Jak wydać grę i nie splajtować na przykładzie Steemopoly – case study

in #busy6 years ago (edited)

Witajcie moi mili.

Dzisiaj opowiem wam o procesie wydawania gry.

Poprzednio dowiedzieliśmy się nieco na temat budowania produktu, grup docelowych i kilku innych aspektów tworzenia hitu sprzedaży.

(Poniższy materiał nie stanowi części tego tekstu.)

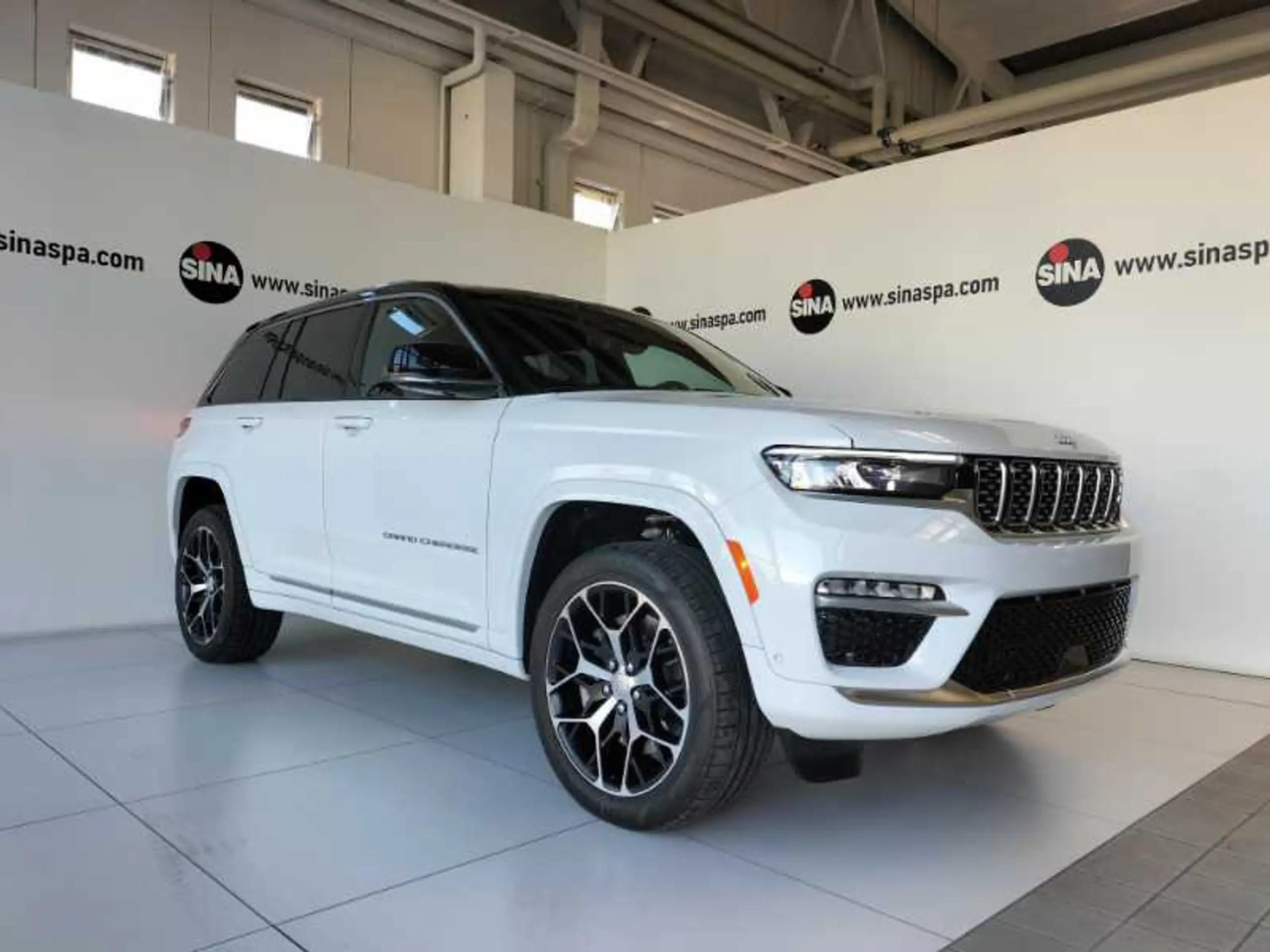 Jeep - Grand Cherokee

Stworzyliśmy tak STEEMOPOLY- grę na miarę naszych potrzeb

Dzisiaj skupimy się produkcji tej gry

Po napisaniu pierwszej części odezwało się do mnie wiele osób, ale nie mogłem odpisać ponieważ na miesiąc zostawiłem wszystko i przejechałem kilka tysięcy kilometrów autostopem. Była to fantastyczna przygoda, której jedyną wadą był ograniczony kontakt ze światem, dlatego przepraszam wszystkim, którym wtedy nie odpowiedziałem, ale byłem trochę poza światem.

Wróćmy jednak na ziemię.

Kiedyś pokazałem wam jak wydać książkę, w 30 dni.

Dziś pójdziemy jeszcze dalej.

Celem jest profesjonalne wydanie gry, oczywiście będzie to nasz hit sprzedażowy czyli Steemopoly.

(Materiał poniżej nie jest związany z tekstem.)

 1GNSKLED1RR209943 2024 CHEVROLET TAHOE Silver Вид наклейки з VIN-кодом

Podzielę się z wami wiedzą, którą zebrałem pracując w agencjach reklamy, ale również jako „duch” przy kilku projektach crownfundingowych. Co czyni duch? Duch za kulisami robi wszystko, co jest konieczne by projekt się nie rozleciał i został doprowadzony od początku do końca.

Wszystko fajnie, ale po co?

Życie autora planszówek w Polsce nie jest usłane różami. Jeżeli produkuje grę z wydawnictwem i kosztuje ona w Empiku np. 100zł może liczyć na zarobek max 3-5zł od sztuki.

Dlaczego?

Bo skoro wydawnictwo bierze na siebie cały etap produkcji, to musi na tym zarobić podobnie jak sklep, który zarabia 25-35% od ceny końcowej.


źródło: crownfunding.com

Dlatego jeżeli ktoś chce zarobić na grze to decyduje się na alternatywne metody finansowania jak crownfunding albo znalezienie patrona, by ten wyłożył kasę na grę w zamian za spory udział w zyskach.

W ten sposób gra, która była tylko pomysłem w głowie zapalonego autora zamienia się w realny startup.

Mam problem ze startupami, bo bardzo dużo z nich to słomiane inwestycje.

Nie ma dnia, aby w mediach nie było informacji o rewolucyjnym startupie, jednak często ludzie odpowiedzialni za ten projekt, nie wiedzą nawet czy świat potrzebuje tej rewolucji, a nawet jeśli to ile będzie ona kosztować.
W przypadku naszej gry poprzedni materiał, w którym poznaliście mój „rewolucyjny” pomysł zyskał spore zainteresowanie, dlatego idziemy dalej, bo świat tej rewolucji potrzebuje.

Produkujemy Steemopoly!

Krok Pierwszy: rozpoznanie rynku – nie wymyślajmy koła na nowo.

Chcąc wydać Steemopoly musimy wiedzieć z jakich elementów ile ich będzie i z czego są wykonane. Nie ważne, czy chcecie produkować grę planszową czy lateksową bieliznę, ktoś już to robi i musicie poznać konkurencyjne produkty dostępne na rynku. Pozwoli Wam to oszczędzić mnóstwo czasu i pieniędzy, których na samym początku zawsze jest za mało.

Wstępny kosztorys robimy już na samym starcie. Dlaczego już teraz?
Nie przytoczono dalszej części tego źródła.